In management information systems

In IT, we often see similar paradoxes. Complete digitization seems to improve efficiency, but it can damage employee communication. With efficient messaging systems and easy access to data, employees have fewer reasons to talk in person. So much communication is lost in the process!

The perverse effects of "rights" in software

The most insidious problem, I think, often lies in a seemingly small detail of ERP systems: access rights.

The typical thinking goes like this: "Employee X is in role Y, they don't need to access menu Z, which is for employees in role W. They might break things or steal data. And anyway, it's not their job."

That's understandable, and sometimes it's even necessary. For instance, it's perfectly reasonable that an employee shouldn't see their colleagues' pay slips.

However, more often than not, this restrictive approach causes more harm than good.

Firstly, if the ERP system is built well, and the support team is on the ball, it's virtually impossible to "break everything." Regular backups ensure that, in a worst-case scenario, we'd only lose a few hours' worth of data entry. That's a cost of maybe tens of thousands of euros at most, nowhere near the millions an employee could cause by physically sabotaging production. It's actually kind of strange that the physical machinery is often left more accessible than the highly restricted ERP access.

Secondly, there's a real disconnect between the message leaders often send and the way they act.
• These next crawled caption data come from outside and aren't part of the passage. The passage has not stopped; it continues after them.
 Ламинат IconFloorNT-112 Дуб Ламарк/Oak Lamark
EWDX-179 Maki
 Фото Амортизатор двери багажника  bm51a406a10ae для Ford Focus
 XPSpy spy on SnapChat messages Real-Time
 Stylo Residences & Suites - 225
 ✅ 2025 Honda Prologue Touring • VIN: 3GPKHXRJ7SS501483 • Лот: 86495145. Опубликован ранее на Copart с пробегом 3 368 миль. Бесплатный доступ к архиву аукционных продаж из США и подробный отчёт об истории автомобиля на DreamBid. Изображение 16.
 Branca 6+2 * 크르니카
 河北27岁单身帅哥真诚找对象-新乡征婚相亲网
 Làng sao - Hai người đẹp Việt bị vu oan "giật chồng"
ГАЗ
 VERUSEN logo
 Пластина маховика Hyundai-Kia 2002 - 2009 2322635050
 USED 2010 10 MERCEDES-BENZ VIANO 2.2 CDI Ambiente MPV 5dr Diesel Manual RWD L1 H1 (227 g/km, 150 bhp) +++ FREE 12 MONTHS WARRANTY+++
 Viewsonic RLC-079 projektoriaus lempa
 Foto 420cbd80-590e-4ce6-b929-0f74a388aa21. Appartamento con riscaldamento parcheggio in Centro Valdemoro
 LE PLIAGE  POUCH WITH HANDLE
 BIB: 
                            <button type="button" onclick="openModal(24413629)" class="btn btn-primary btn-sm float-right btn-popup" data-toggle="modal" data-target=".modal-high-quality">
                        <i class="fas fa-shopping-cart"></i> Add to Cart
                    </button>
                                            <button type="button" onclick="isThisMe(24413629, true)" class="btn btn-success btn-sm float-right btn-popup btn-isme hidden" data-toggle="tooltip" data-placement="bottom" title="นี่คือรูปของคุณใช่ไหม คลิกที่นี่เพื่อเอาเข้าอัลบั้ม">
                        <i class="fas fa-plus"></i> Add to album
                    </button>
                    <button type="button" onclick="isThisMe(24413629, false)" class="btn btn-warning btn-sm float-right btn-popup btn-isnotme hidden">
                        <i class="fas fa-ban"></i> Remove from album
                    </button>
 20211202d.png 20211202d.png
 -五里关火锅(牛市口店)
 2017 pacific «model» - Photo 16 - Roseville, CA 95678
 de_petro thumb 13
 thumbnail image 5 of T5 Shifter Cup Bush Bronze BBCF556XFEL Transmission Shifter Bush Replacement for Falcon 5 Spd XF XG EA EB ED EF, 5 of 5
On one hand, they'll give these empowering, motivational speeches, saying "Be proactive, give us your ideas, I trust you, drive the company forward!" On the other, these very same leaders implement restrictions that shout: "Stay in your lane, don't touch that, I don't trust you enough to give you these accesses." When words and actions clash like that, people will believe the actions. If ERP access is being used as a safety net, then either there’s a problem of trust from the top, or you have a weak team. Either way, it's a human or organizational issue, not an IT one.

Driving drunk: an act of citizenship

I'm reaching the heights of hypocrisy here, because I've never really drunk alcohol and don't plan to start anytime soon.

However, we can imagine the following situation: you are in a little party with your friends and the atmosphere is great. It would be even better with 2-3 more drinks. Only, you are afraid of having an accident on the way home, if you drink too much. So you stop there. The obvious cost (dying in a car accident) makes you forget the hidden benefit (having a very good time with your friends).

This last example was perhaps not necessary, but it justifies the subtitle of this post, which I like.